Beatriz in Spain: On the 24th December we are preparing for a family dinner in the evening. Before, we already have ready Christmas ornaments, the Christmas tree and the Nativity scene and might sing/listen to Christmas carols. The typical dishes depend on every Spanish region. Here, in Galicia, northwestern Spain, the most traditional meal is cod with cauliflower and boiled potatoes as well as shellfish (crayfish, different kinds of crabs, scallop shell, lobster, barnacles...). However, some people prepare roasted beef, capon, turkey, lamb, suckling pig, hake or octopus... On Christmas Day we have a family lunch, and some of the dishes you can eat are among the ones I named before. After dinner/lunch typical Christmas sweets are eaten like "turrón" (a kind of nougat candy typical in Spain in Xmas), "polvorones" (I heard it is similar to "shortbread" in New Zealand), "marzipan", "pasteles yema/gloria"... On the contrary to most countries in the world, we don't exchange gifts on Christmas Eve or Christmas Day, but on the 6th January, the Epiphany or the "Three Kings Day". However, in the latest years, Santa is more present than ever, and still many children get something "little" either on the 24th or the 25th. ¡Feliz Navidad a todos!
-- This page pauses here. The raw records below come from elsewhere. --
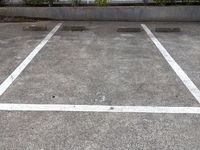 レオパレスエーゼ 駐車場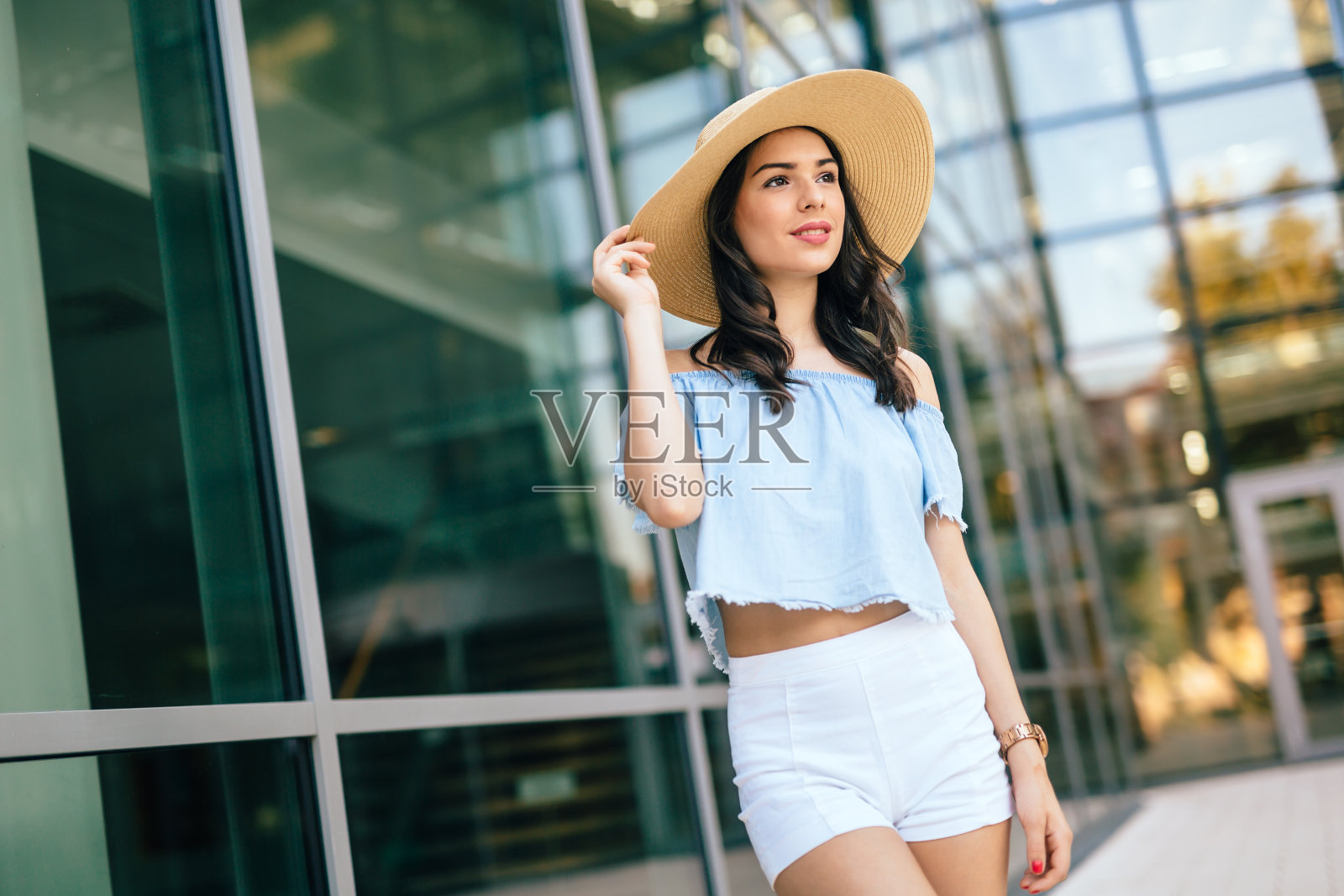 在户外戴着帽子的漂亮女人照片摄影图片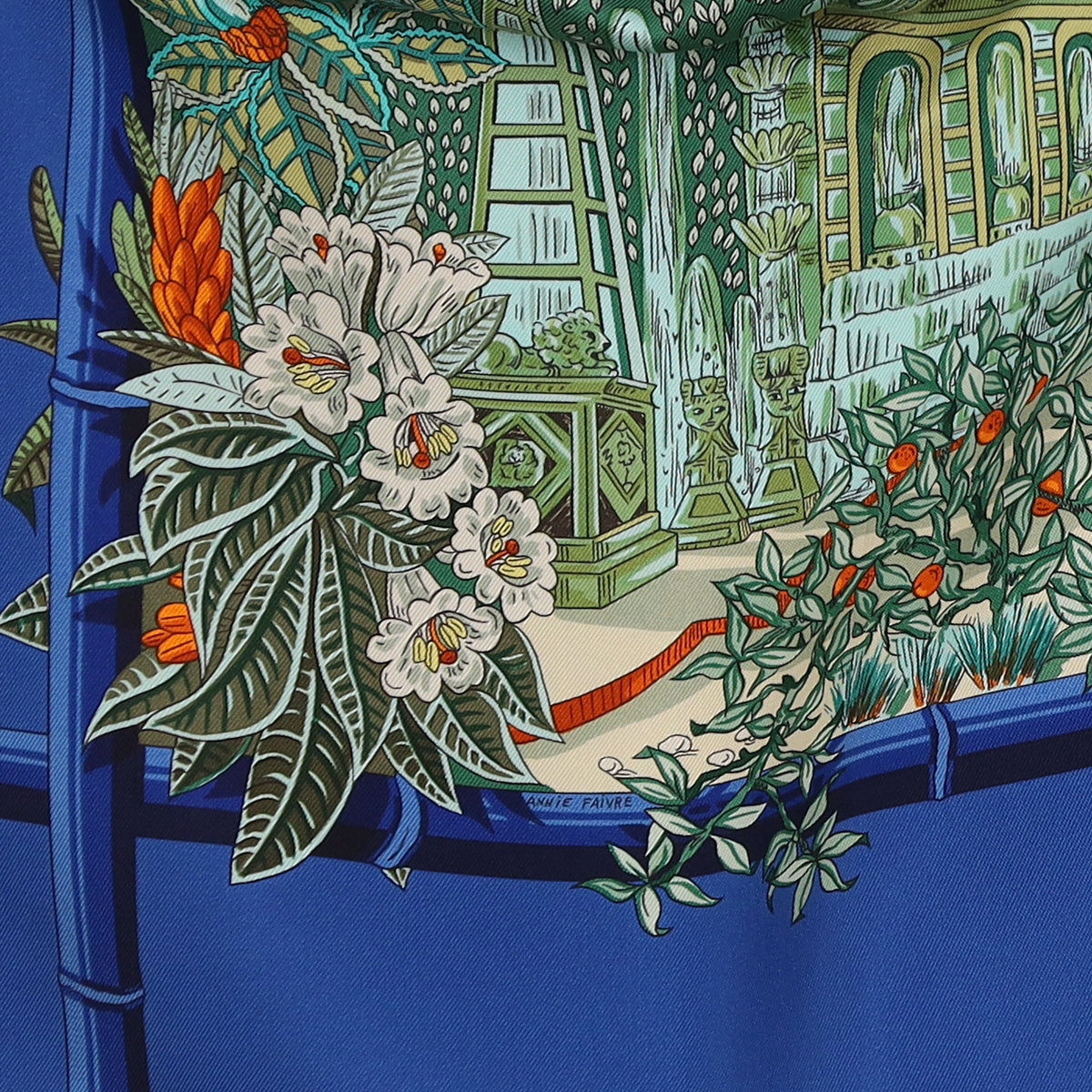 Brand New Boxed Hermès Jardins D'hiver Silk Scarf Quite Rare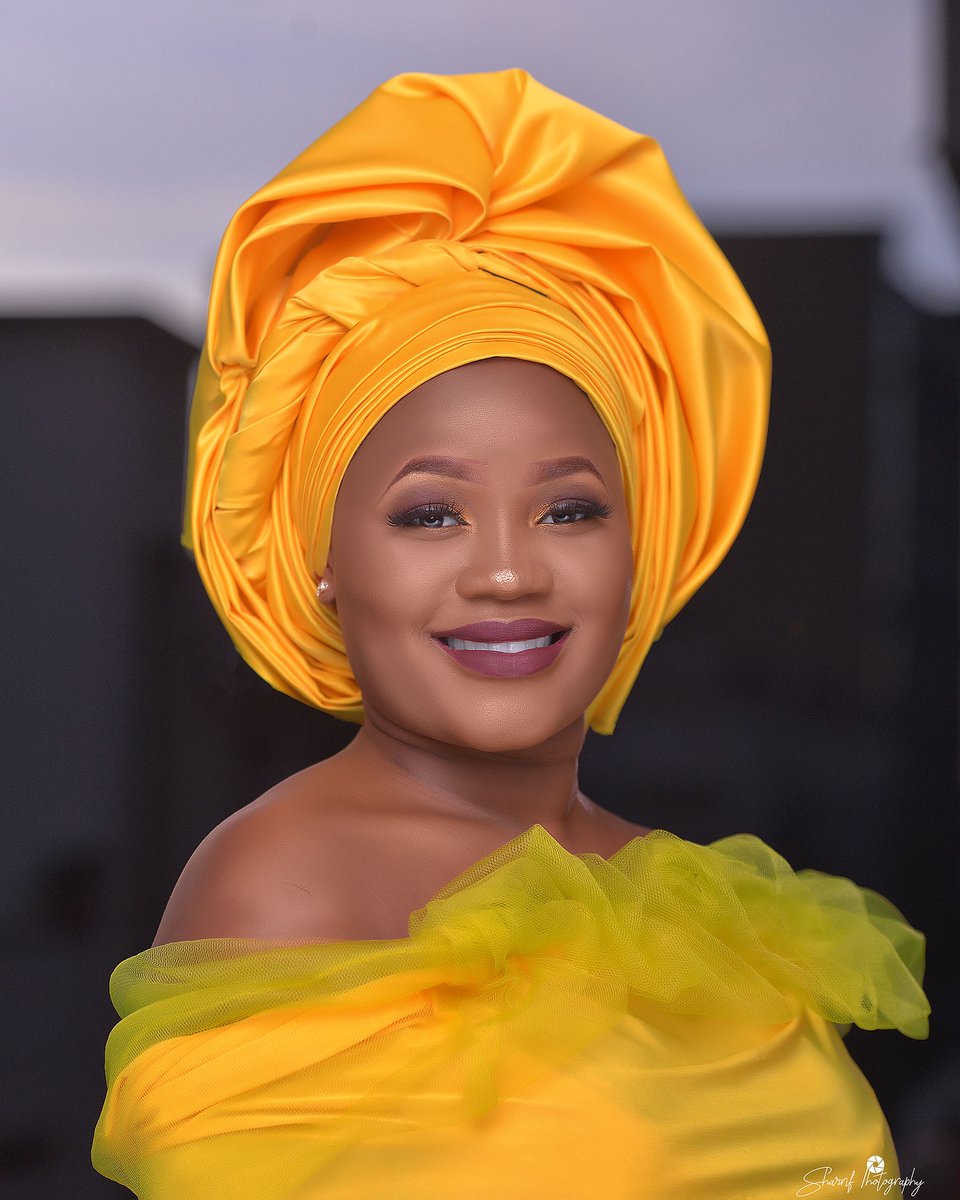 SharifPhotograp's tweet photo. Make it simple but significant
@Sharif_photography
@sabira_beats
#sharif photography
BOOK NOW
0751398402
#heals #MoodyPortrait #highspeedsync #creat #outdoor #makeup #smile #pose #melanin #highspeedsync #veghee #potraits #godox #610 https://t.co/SBov5wWtbJ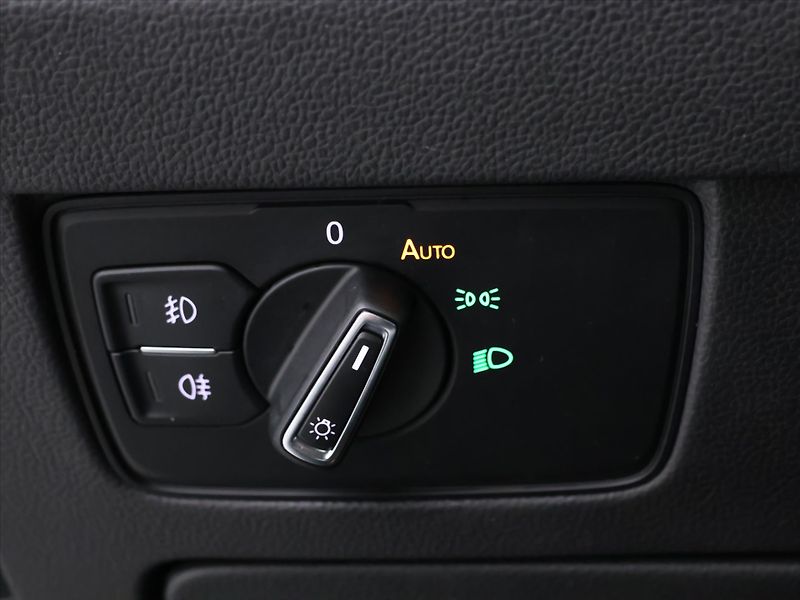 Volkswagen Passat 2,0 TDI 110kW DSG Matrix DPH - fotka 19 z 39
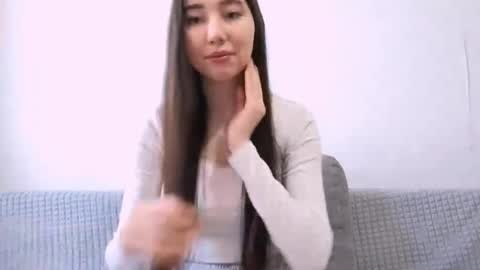 Snapshot of leonieschmith chatting on November 20, 2025, 10:04 am Alice online show from November 20, 2025, 10:04 am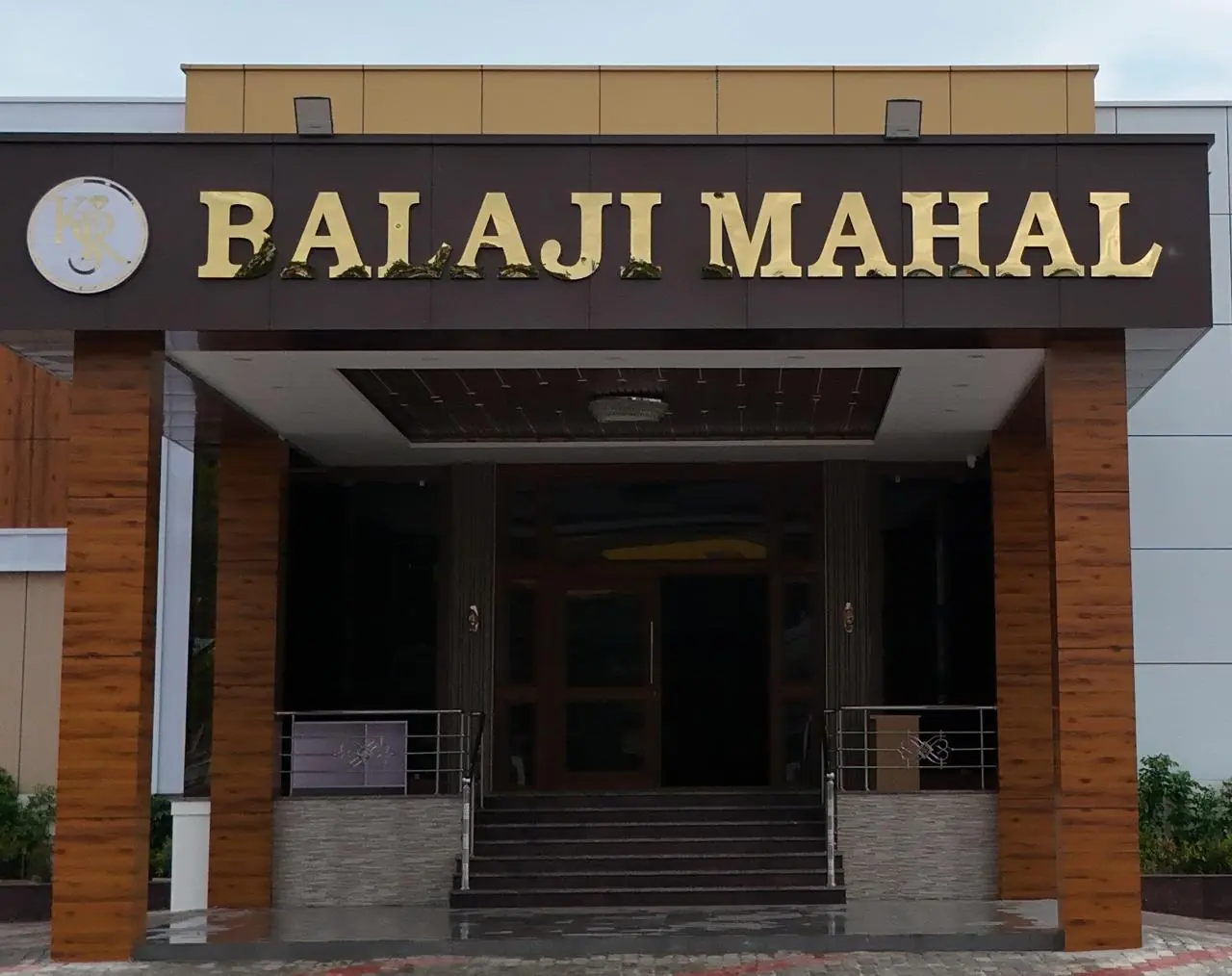 Grand entrance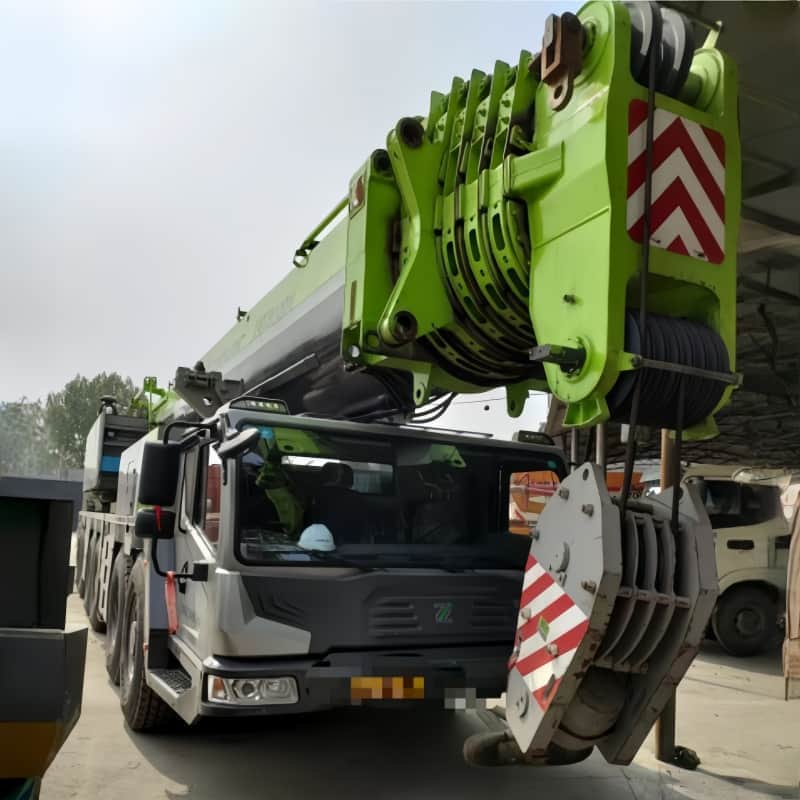 Zoomlion ZAT3000V7 — 300T All-Terrain Crane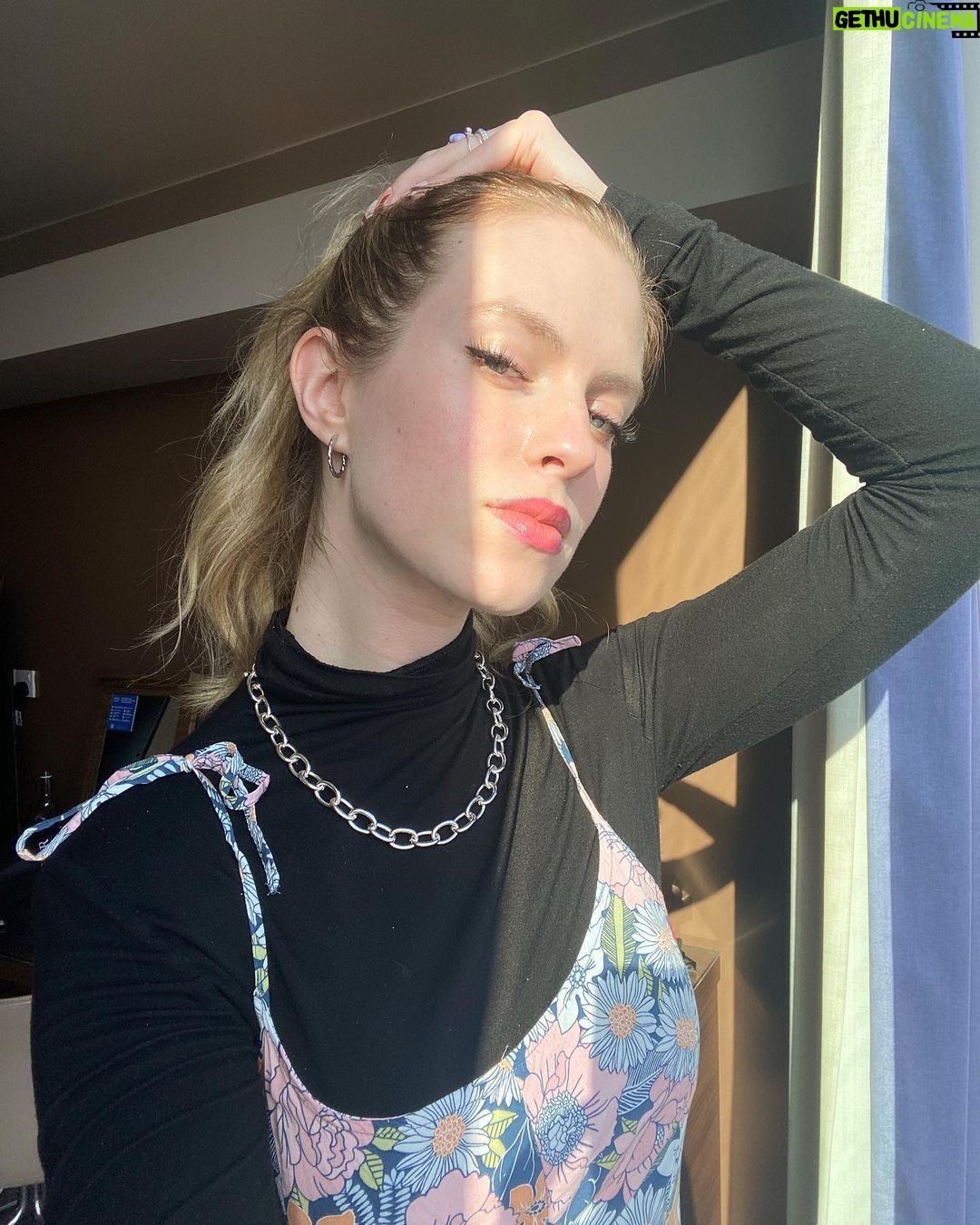 Barbara Dunkelman Instagram - Felt I looked nice today so I took a bunch of pictures 🥰 Manchester, United Kingdom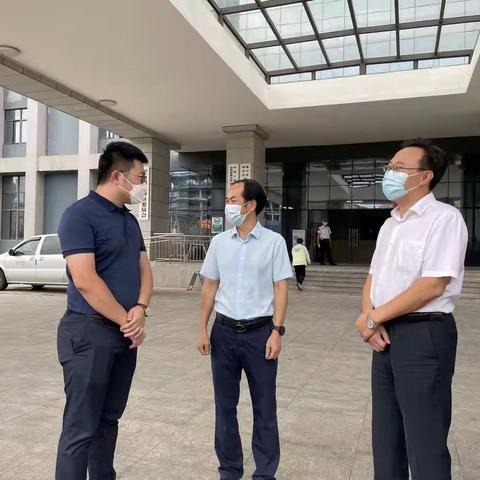 众志成城抗疫情 爱心捐赠暖人心——海口市政协委员、海南白鹭投资集团董事长崔坤玄向琼山区捐献抗疫物资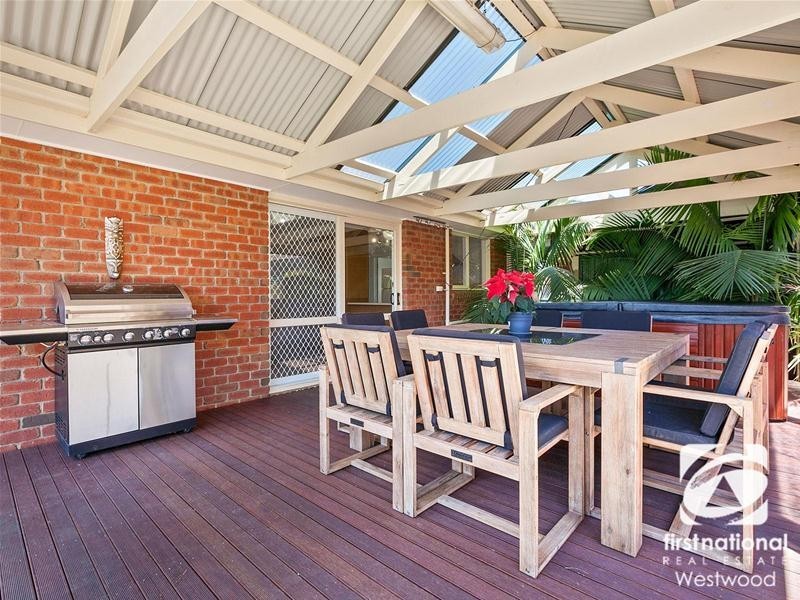 16 Cameron Drive, Hoppers Crossing VIC 3029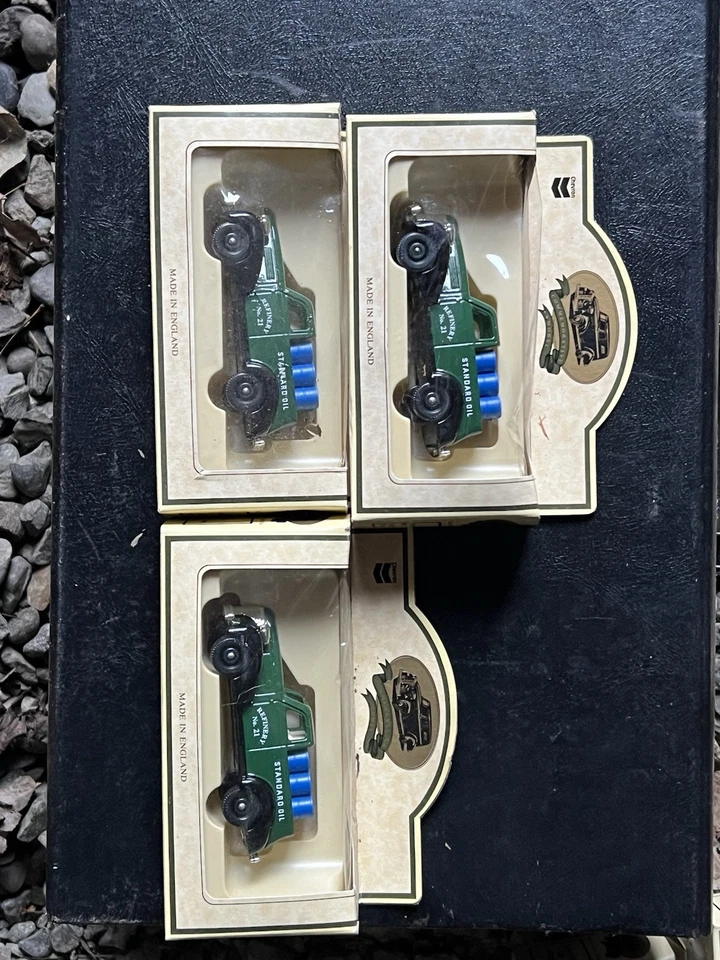 Chevron Lledo Days Gone 1939 Chevrolet Pick-up RPM Motor Oil - Image 1 of 1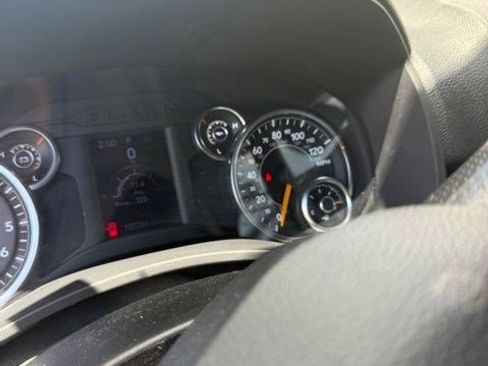 Used 2022 RAM 3500 Tradesman w/ Chrome Appearance Group AWD/4WD image 14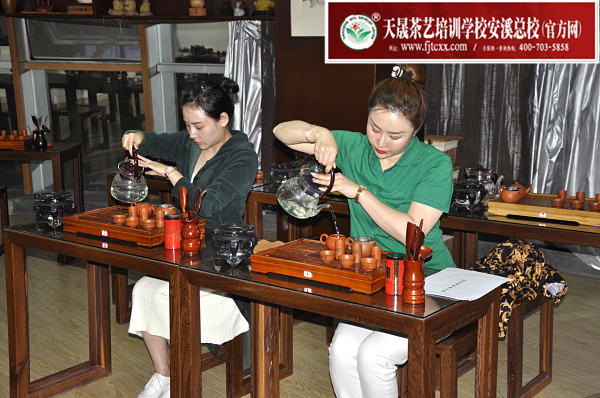 第170期：台湾十八道茶艺分段训练、名茶品鉴之西湖龙井、黄山毛峰、信阳毛尖(图1)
If you are interested in reading more articles related to the Christmas time and New Year's, check the following:

- Sinterklaas
- The Saint Nicholas tradition
- The Christmas Season in Spain
- New Year's Celebrations
- The Three Kings Day or "Día de Reyes"


  1. Same holiday in so many countries and so many differences:) Interesting.

    I can't believe someone has dinner with 50 people. It's so much preparations for just 12 persons in my family.

    I didn't know you're from Galicia. I was there once and I truely believe it's one of the most beautiful places in the world;)

  2. Yes, despite celebrating the same there are many differences depending on the country/region of the world we are! That is really interesting!

    I agree with you! I cannot imagine preparing a dinner for fifty people! :O Only for a few people requires a lot of effort, so fifty... Wow!

    Yes, yes I was born in Galicia, in the "Rías Baixas" area. :) I did not know you came here once. I cannot wait to hear more about your trip here, so will contact you by e-mail as soon as possible! :D I am so happy to hear that you liked Galicia so much! I think it is beautiful here but cannot say if it is one of the most beautiful places in the world. However, it is true there are amazing places in Galicia! :)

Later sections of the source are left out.